Dia 19, no Espaço Cultural Sistema FIEPA, foi a vez do lançamento da exposição do fotógrafo, Lenon Silva, que captou em suas lentes a dor e a angústia de quem espera por uma doação de órgãos e a alegria e a felicidade de quem já foi transplantado.

 “A exposição foi uma forma artística de sensibilizar a sociedade de que a questão é séria e precisa ser difundida. O tema da doação de órgãos vem sendo trabalhado pelo CORES, a partir do Banco Social, de diversas formas. Precisamos alertar a população para a importância que o assunto exige e incentivar, cada vez mais que o tema seja debatido e multiplicado entre o maior número de pessoas possíveis”, lembrou Rita Arêas, presidente do Conselho de Responsabilidade Social da FIEPA.

As ações do setembro Verde, planejadas pelo Banco Social, encerram-se dia 26 de setembro, com uma ação de sensibilização sobre a importância da doação de órgãos DSC 4627para servidores e usuários da Fundação Santa Casa de Misericórdia do Pará. “É fundamental que os profissionais de saúde tenham sensibilidade e segurança em tratar o tema dentro dos hospitais. E uma das funções do Banco Social é capacitar essa mão de obra tão valiosa, para que o processo de doação e captação desses órgãos seja realizado com o sucesso que todos esperamos”, lembra a Dra. Márcia Iasi.e SESI

Dados no Pará

Enquanto a discussão sobre o assunto não é divulgado amplamente para toda a sociedade, os números de doação no Pará, e no Brasil de forma geral, continuam preocupantes. Na opinião da coordenadora da Central de Transplantes do Pará, Dra Ana Beltrão, a doação no Estado ainda é uma realidade que precisa ser trabalhada mais de perto entre as famílias paraenses.

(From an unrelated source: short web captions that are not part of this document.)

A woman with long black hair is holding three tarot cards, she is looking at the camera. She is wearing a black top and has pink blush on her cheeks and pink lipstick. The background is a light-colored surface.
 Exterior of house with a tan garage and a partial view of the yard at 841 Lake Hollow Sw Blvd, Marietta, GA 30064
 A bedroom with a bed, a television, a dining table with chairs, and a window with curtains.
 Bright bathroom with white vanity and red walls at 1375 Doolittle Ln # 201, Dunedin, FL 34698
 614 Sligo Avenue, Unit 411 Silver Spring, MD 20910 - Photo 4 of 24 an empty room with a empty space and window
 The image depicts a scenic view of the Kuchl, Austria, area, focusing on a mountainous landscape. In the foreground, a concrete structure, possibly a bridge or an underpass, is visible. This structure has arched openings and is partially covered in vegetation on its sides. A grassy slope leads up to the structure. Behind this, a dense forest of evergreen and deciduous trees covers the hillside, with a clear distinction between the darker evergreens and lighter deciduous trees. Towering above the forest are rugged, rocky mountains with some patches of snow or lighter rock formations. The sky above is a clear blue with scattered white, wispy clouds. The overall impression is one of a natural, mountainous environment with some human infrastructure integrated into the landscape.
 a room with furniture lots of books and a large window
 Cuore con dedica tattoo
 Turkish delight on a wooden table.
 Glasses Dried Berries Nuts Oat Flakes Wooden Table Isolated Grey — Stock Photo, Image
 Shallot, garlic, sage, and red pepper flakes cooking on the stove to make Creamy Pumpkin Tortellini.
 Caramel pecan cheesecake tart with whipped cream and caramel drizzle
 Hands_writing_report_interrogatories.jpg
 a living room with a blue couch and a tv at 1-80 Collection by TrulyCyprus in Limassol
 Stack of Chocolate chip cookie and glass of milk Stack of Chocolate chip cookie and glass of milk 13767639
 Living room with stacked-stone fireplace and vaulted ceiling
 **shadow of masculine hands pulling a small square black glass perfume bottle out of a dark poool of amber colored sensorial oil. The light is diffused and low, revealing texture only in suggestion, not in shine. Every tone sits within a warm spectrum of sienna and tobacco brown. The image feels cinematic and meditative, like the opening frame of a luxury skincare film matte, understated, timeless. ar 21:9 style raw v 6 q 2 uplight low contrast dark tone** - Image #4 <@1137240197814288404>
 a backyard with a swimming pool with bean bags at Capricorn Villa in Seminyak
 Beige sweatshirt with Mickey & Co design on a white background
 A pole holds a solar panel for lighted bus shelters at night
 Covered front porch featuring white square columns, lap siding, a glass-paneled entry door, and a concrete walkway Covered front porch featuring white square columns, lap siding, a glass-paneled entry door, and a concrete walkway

Ela conta que com a entrada do Pronto Socorro Mário Pinotti e a ativação do Centro de Doação de Órgãos e Transplantes (CDOT) foi registrado, em 2016, um aumento na doação de múltiplos órgãos com relação ao ano anterior. “Mas ainda vivemos dias muito preocupantes com relação a doação de córnea. E o mais estranho é que para doar córnea não há necessidade de diagnóstico de morte encefálica. Toda pessoa que venha a óbito é um doador de córnea, e ainda assim estamos com baixa doação”, constatou a profissional.

Segundo dados fornecidos pela coordenadora, só no Pará são mais de mil pessoas na fila aguardando por uma córnea. “É muito importante que esse assunto seja conversado em família. É essencial que todos saibam qual é o desejo de cada um em relação a doação de seus órgãos, para que quando venha a acontecer uma situação de óbito, a família tome a decisão de forma tranqüila, sem receio de contrariar o desejo de quem se foi”, completa Márcia Iasi, coordenadora do Banco Social.

DSC 4064"Enquanto a média nacional é de 13 ou 14 doadores por milhão de habitante, o Pará registra um índice de 4,2 doadores/milhão habitantes; número que ainda precisa crescer bastante", completa Ana Beltrão

Ela conta que os transplantes renais infantis que antes eram realizados no Hospital Ophir Loiola, estão sendo transferidos agora Hospital Oncológico Infantil Otávio Lob. “Lá eles recebem tratamento e depois seguem para a Santa Casa onde receberão os transplantes. Esse trabalho é resultado de um acordo entre os três hospitais. A transição está sendo feita para um melhor atendimento à crianças que necessitam desse tratamento”, esclarece Ana Beltrão.

No estado do Pará os tranplantes são realizados no Hospital Ophir Loyola , em Belém. Em Santarém, o transplante renal intervivos e o de córnea. Em Redenção, o de rim e, em Castanhal, de córnea.